13 Aug 05: Saying goodbye to Aberdeen

13 Aug 05 (Sat):

I woke up for breakfast, my favourite meal of the day. I was probably one of the first to be at the canteen for breakfast that day. Before the breakfast, I ensured I have packed my luggage.

Ate breakfast. I thought to myself that I would miss the generous portion of breakfast at the hostel. Though personally, I still find that Conrad Centennial Singapore's Sunday Breakfast is my favourite by far. Yet, back in Singapore, it would be rare that I would be able to treat myself to cereals, fruits, fruit juices, yogurt and croissants for my regular breakfast. I make do with toasts usually because I won't like to spend too much time preparing breakfast.

After breakfast, I met my junior, XM, at 9.10 a.m. to take the public bus to the City of Aberdeen. Since we were both early for the bus, I took the time to find out British Airways' Aberdeen office's phone number. I phoned. Much to my relief, I was told that "everything's back to normal" and that I would be able to leave Aberdeen for London on British Airways as scheduled.

Anyway, back to the public bus. The public bus as I have mentioned would cost 1.10 pounds for a single trip journey of about 15 minutes. For this reason, I heard that some people would choose to walk an hour from the hostel to the City of Aberdeen. Anyway, the scenery along the way was probably nice, so if one had the time, one could take the walk as a leisure stroll cum exercise. But since I had not much time then, I chose to take the bus.

On our way to the music shop which was our destination, XM and I passed by the Clarks shoe-shop. We visited it. There were discountes offered. Some of the Clarks shoes sold at discounted prices were much cheaper than Clarks shoes sold in Singapore. This was so even when I have converted the prices of the shoes (in pounds) to Singapore currency. I would have bought myself a pair of shoes if I could find a pair to my liking.

Thereafter, we headed for the music shop. I bought myself Giovanni Bottesini's Method for Double Bass, Part One and Two. A pity that it did not sell any of Bottesini's double bass concertos. The shop personnel was very nice and she offered to order it for me and have it sent to Singapore, but I declined. I feared that the cost of air freight would make it not cost-effective.

I wished I had bought my catalogue of double bass related publications. At the shop, I had thought that I already have Cimandor's Concerto in G, so I decided not to purchase it. But when I was back in Singapore, I realised I did not have a copy of it. It was quite affordable, I remembered that the Cimandor's scores was no more than 8 pounds. A pity that I did not get myself a copy. Pardon me, I must have been having the craving of collecting double bass related books and scores.
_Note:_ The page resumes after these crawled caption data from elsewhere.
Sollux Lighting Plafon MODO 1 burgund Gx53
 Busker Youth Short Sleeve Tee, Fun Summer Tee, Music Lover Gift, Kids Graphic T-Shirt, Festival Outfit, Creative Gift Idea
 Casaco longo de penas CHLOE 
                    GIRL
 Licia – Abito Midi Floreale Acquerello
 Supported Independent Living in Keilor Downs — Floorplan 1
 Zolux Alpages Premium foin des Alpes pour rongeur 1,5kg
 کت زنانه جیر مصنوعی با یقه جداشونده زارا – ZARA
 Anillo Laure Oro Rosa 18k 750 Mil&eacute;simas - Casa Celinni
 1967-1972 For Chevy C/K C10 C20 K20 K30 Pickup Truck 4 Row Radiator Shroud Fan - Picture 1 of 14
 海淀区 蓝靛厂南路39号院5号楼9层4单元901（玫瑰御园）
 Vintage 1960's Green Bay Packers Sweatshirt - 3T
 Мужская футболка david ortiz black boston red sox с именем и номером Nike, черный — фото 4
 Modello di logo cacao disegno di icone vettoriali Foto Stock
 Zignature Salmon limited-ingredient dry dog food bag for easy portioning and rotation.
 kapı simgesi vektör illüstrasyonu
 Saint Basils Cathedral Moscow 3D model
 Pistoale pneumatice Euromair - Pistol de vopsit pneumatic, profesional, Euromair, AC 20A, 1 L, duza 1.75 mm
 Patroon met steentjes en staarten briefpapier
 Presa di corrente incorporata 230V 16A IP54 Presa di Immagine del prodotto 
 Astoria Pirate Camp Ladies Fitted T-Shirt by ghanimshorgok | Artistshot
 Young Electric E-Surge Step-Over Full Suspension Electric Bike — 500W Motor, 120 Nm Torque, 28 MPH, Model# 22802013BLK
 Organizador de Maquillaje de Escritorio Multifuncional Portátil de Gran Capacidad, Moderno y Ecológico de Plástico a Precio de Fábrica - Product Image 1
After the music shop, both of us went around to check out a few other shops.XM was gentlemanly to accompany me to check out a few of the sounvenir shops. I got myself some shortbread, done the Scottish way. Then we headed back to the hostel for lunch.

In the afternoon, I prepared to set off to Aberdeen Airport with the rest of the folks from our orchestra. Our double bass tutor for the festival orchestra, P., was very kind to make time to see us off. He helped us load the luggage up the van. By the way, I have yet to mention that other than being our double bass tutor for the festival orchestra, he was in-charge of coordinating the transportation for the festival. MC, XM and myself wrote him a postcard to thank him for his guidance.

We then head for the airport from the hostel on the festival bus. Most of the orchestra members would leave Aberdeen via KLM airlines. Only myself and another person would take British Airways, but we would be on different flights.

At the airport, I heard from XM that a few of our fellow orchestra mates taking KLM airlines would not be able to board the plane due to bad weather conditions. What a shame, in the end, I understand that XM and two others were stranded in Aberdeen for a day because they were not allowed to board the plane. I understand that they were given some compensation but I wonder what good a compensation would be to someone eager to return home?

The airlines was also not willing to allow our orchestra's flight cases containing large instruments to board the plane, despite the fact that I had heard that we have already gained clearance from the Singapore's KLM office. If anyone has the luxuy of time, perhaps he or she would like to invent a flight case protective enough but yet light and compact enough for air travel? Our orchestra just seemed to be having problems with the flight cases with the airport authorities and airlines. I wonder if other music groups had that problem?

Much later, after I was back in Singapore, I read from MC's blog that another two of our fellow orchestra mates got stranded at Amsterdam because of misprint of their travel pass and because of the delay in the KLM flight from Aberdeen to Amsterdam which left them little time to amend the misprint in their travel passes when they reached Amsterdam. What misadventure.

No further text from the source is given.